When I quizzed a number of my gay friends about their allocation of household tasks in a highly scientific WhatsApp focus group, some noted that they’ve sometimes found themselves slipping into stereotypically Amy/Jennifer situations. “When I’ve dated girly girls I find myself feeling more masculine, inclined to hold the door, pick up the check more, etc,” noted H. “I think gender roles are similar to sexuality,” said M. “It’s fluid and can change based on the person you are dating at the time.”

Sometimes your gender role can also change based on the task at hand. My friend V notes that she often jokingly plays up being the femme one in her relationship in order to avoid taking the garbage out.

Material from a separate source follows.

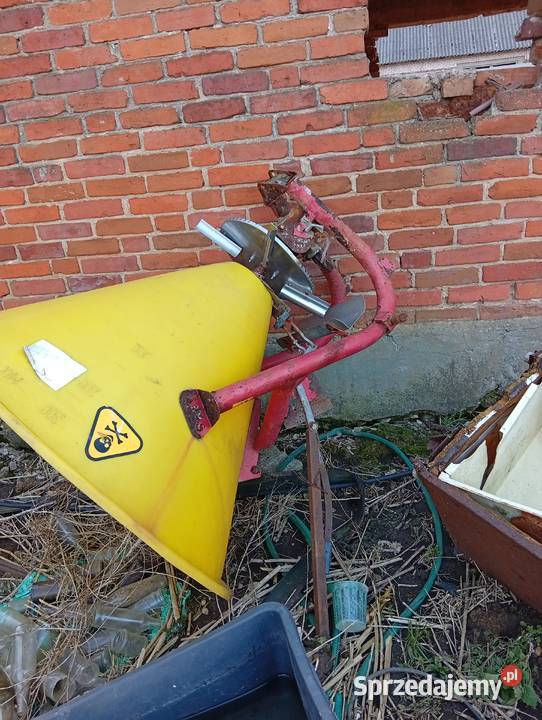 Rozsiewacz nawozów lejek Zambrów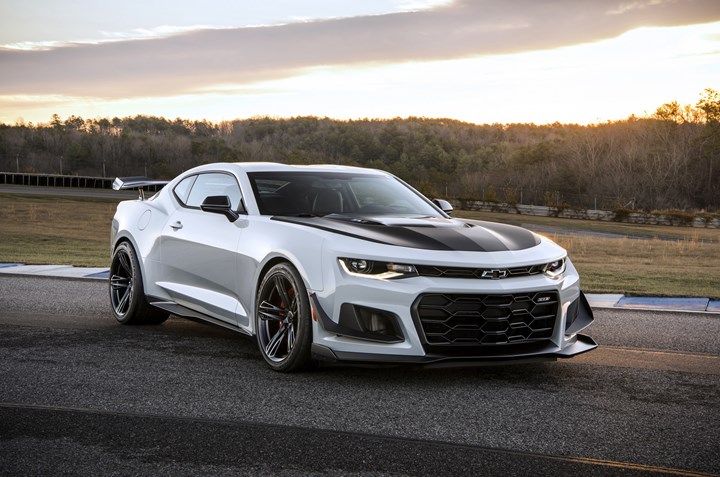 Chevrolet Camaro, yerini elektrikli bir sedana bırakabilir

Ultimately I think Judith Butler had the last sensible word on all of this. “Gay is to straight not as copy is to original, but, rather, as copy is to copy,” she famously wrote. In other words it doesn’t matter where you are on the sexuality spectrum – all gender is performance. While some feminists have seen butch/femme dynamics as regressive – a misguided reflection of heterosexual norms – Butler views this performance as effectively unveiling just how constructed heterosexuals norms are in the first place. After all, once you start unpacking the mental process of figuring out who is best suited to take out the trash based on who’d rather watch Fast 7 or Love Actually, it’s hard not to realize that maybe the idea of “feminine” chores and “masculine” chores is really a lot of nonsense.

There is still a huge chore gap in heterosexual America; one that has barely closed in the last 10 years. If housework is finally going to become more equally allocated among straight couples then perhaps the best thing for everyone to do would be to sit down with their partners and have a long discussion about whether they’re an “Amy” or a “Jennifer”. By the end even the most hardened essentialist might be convinced that gender isn’t just a performance – sometimes it’s a farce.